MADISON, Wis. (AP) — Gov. Tony Evers on Tuesday reported raising more than $10 million over the first six months of this year as the Democrat prepares to face a tough reelection bid in the battleground state in November.
The campaign for Wisconsin governor is shaping up to be the most expensive in state history. Outside groups are pouring millions into the race and Republicans vying to win the Aug. 9 primary are also spending furiously. The top Republican candidates, construction company co-owner Tim Michels and former Lt. Gov. Rebecca Kleefisch, have until Friday to report their fundraising totals.
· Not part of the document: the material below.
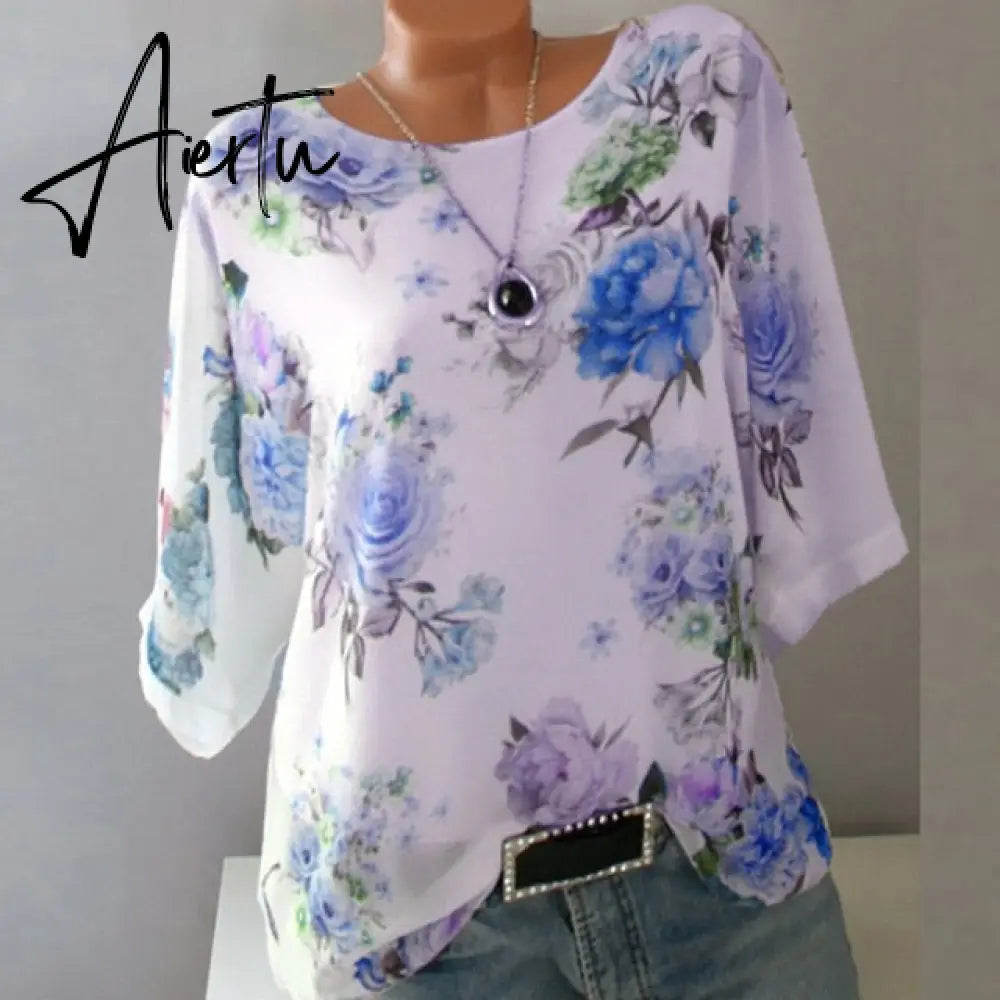 Summer Floral Print Women Blouse 5XL Plus Size Chiffon Blouses Half Sleeve Beach Shirt Office Work Shirts Blusas Feminina Tops Aiertu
Evers has raised more than $20 million since 2021 and had $7.6 million cash on hand, his campaign said. He raised more than twice what former Republican Gov. Scott Walker did in the first six months of 2018.
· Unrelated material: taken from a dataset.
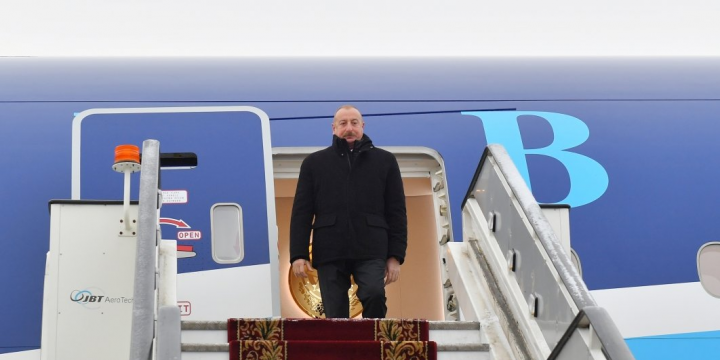 President of Azerbaijan Ilham Aliyev arrived in Saint Petersburg for working visit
Evers' campaign manager Cassi Fenili said in a statement that Evers' record fundraising shows the “overwhelming grassroots support Governor Evers has earned.”
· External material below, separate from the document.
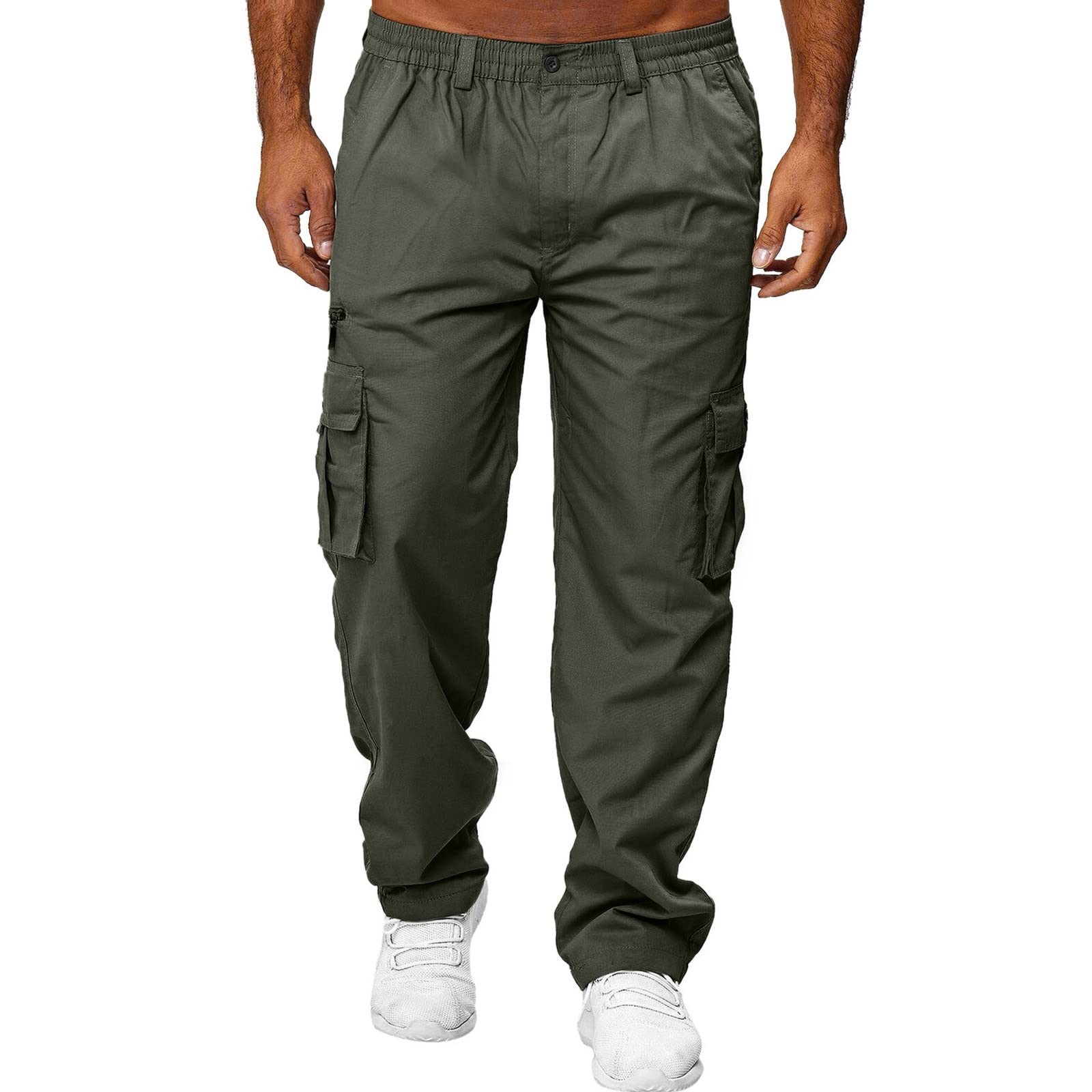 TTQVQ Men's Cargo Pants with Multiple Pockets - Straight Leg Fitness & Sports Overalls for Outdoor Activities, Hiking, Work & Casual Wear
But Democratic incumbents like Evers face a tough road this fall, with polls showing high Republican enthusiasm and history showing that the same party as the president in midterm elections often fares poorly. Republicans are attacking Evers over inflation, high gas prices and crime. Evers and other Democrats hope the the U.S. Supreme Court's recent overturning of the Roe v. Wade decision, which led to an 1849 state law banning abortion to take effect, will motivate their side to vote.
“Whether it’s helping small businesses, protecting access to abortion, fixing thousands of miles of roads and bridges, or investing in our public schools, Governor Evers is leading with respect, compassion, and fairness,” Fenili said.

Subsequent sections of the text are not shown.